A possible solution to the performance impact is to allow the developer to optionally configure
preload: true
for a widget type. This would let the developer say “this one doesn’t do recursive things and doesn’t need any data from the template, so just load them all at once before rendering.” We could put it on @apostrophecms/image-widget which would help with a lot of cases.But as for the second problem, I don’t think it has a solution, other than developer education. So on this point it is not as good a solution as Alternative 1c or maybe Alternative 1d.
Alternative 3: optional lazy loading
One more idea: we could do the lazy loading thing, but only for widgets that ask for it.
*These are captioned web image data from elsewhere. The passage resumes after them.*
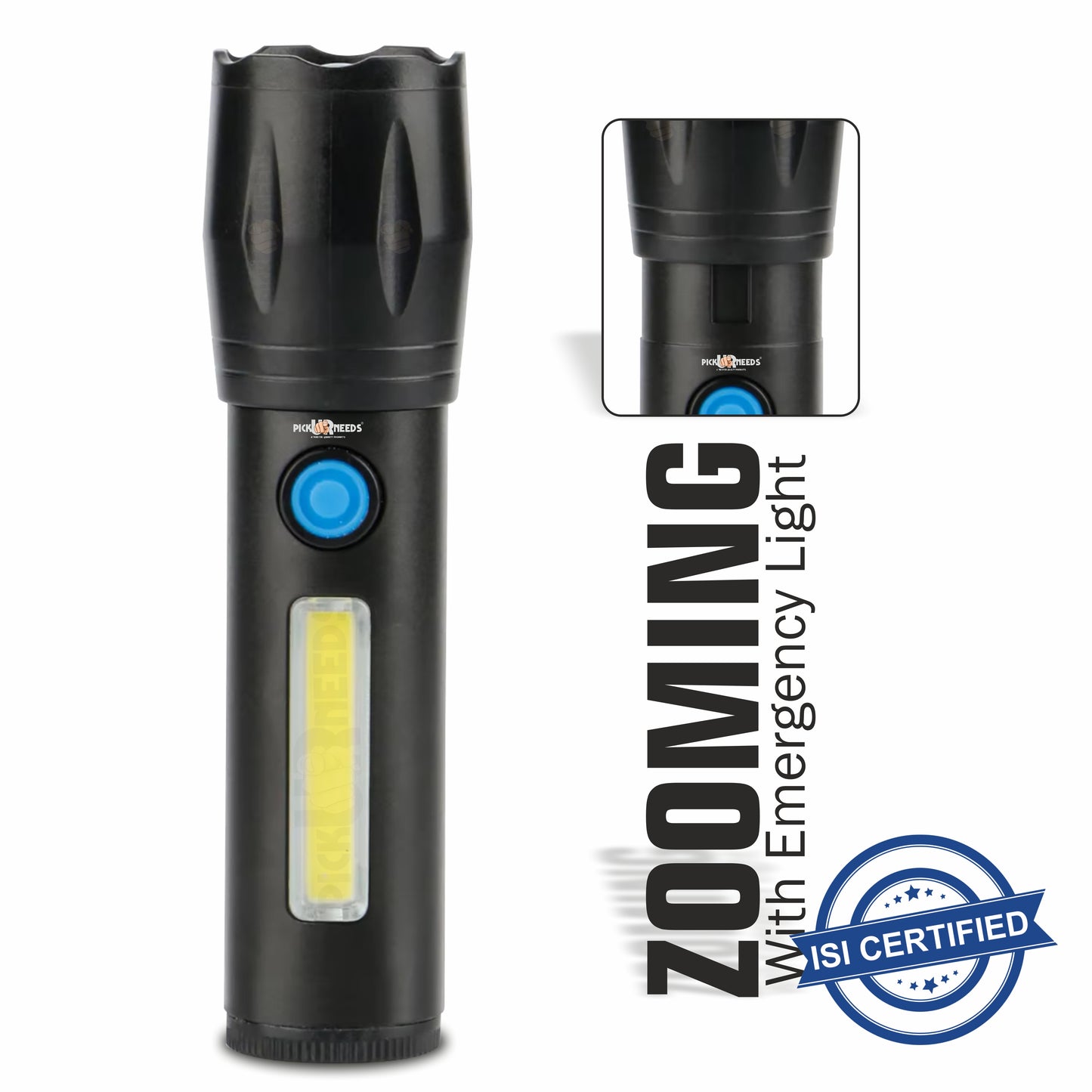 Pick Ur Needs Zoomable Mini Pocket Torch With Strong Brightness 3 Mode Light + Side COB Light 3 hrs Torch Emergency Light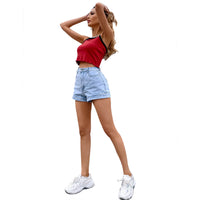 Women's High Waist Slimming And Tight Straight Denim Shorts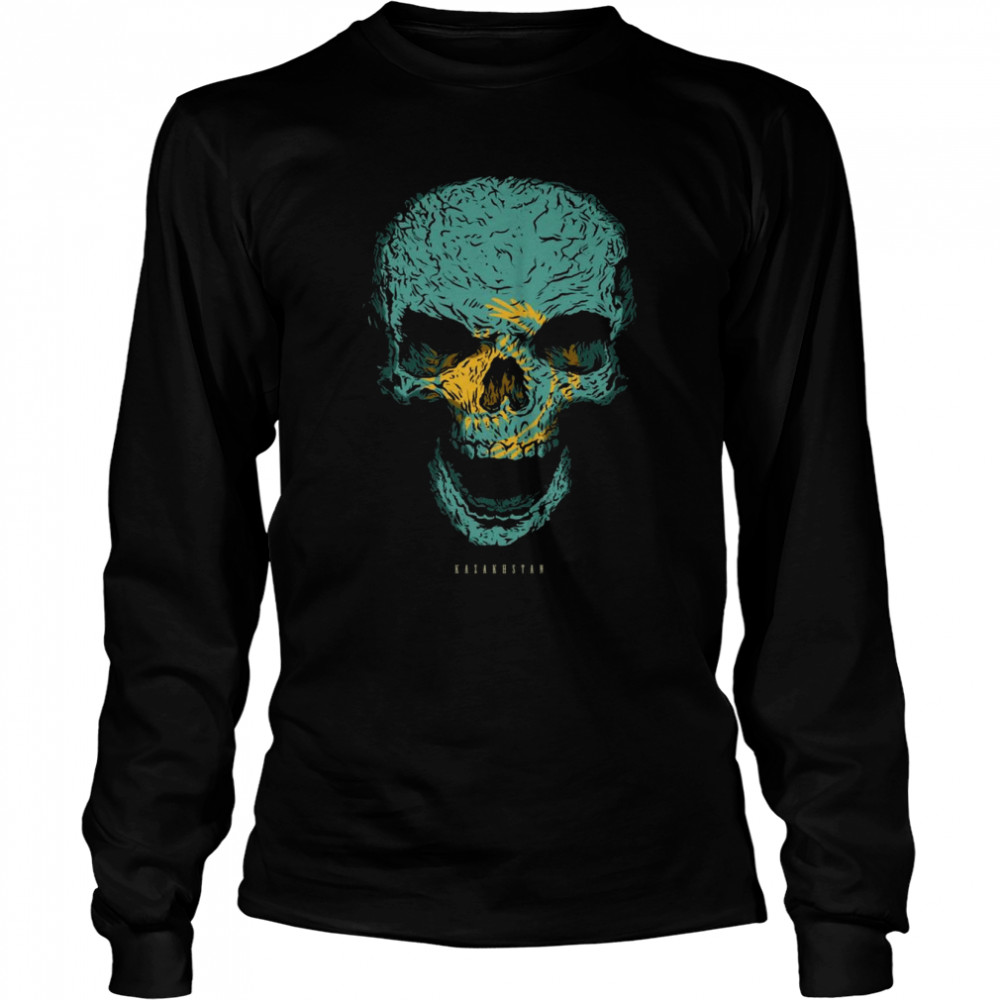 Skull with Kazakhstan Flag Skeleton Kazakhstani Roots Long Sleeved T-shirt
So if you created a recursion bug situation, you'd still get the warning, but it would say:
If you set
lazy: true
, that widget type would always load lazily (when actually shown in a template), but all of the others would stay fast.Concluding thoughts (input welcome!)
After dwelling deeply on the problem, I'm pretty torn. Alternatives 1d (opt-out for widgetLoaders, plus a widget loader never calls itself by default) 3 (optional lazy loading for widgets that actually cause this problem) are both good.
But if we're going to consider this in 3.x I think
1d
is the way to go. There's much less impact on most developers, and much less development and performance effort than adding lazy loading.So... thank you for reading! You are very 💯 for getting this far. What are your thoughts?
We might not have time for this before beta or even in 3.0, but it’s important to wrap our heads around it or we’ll be stuck with the status quo forever.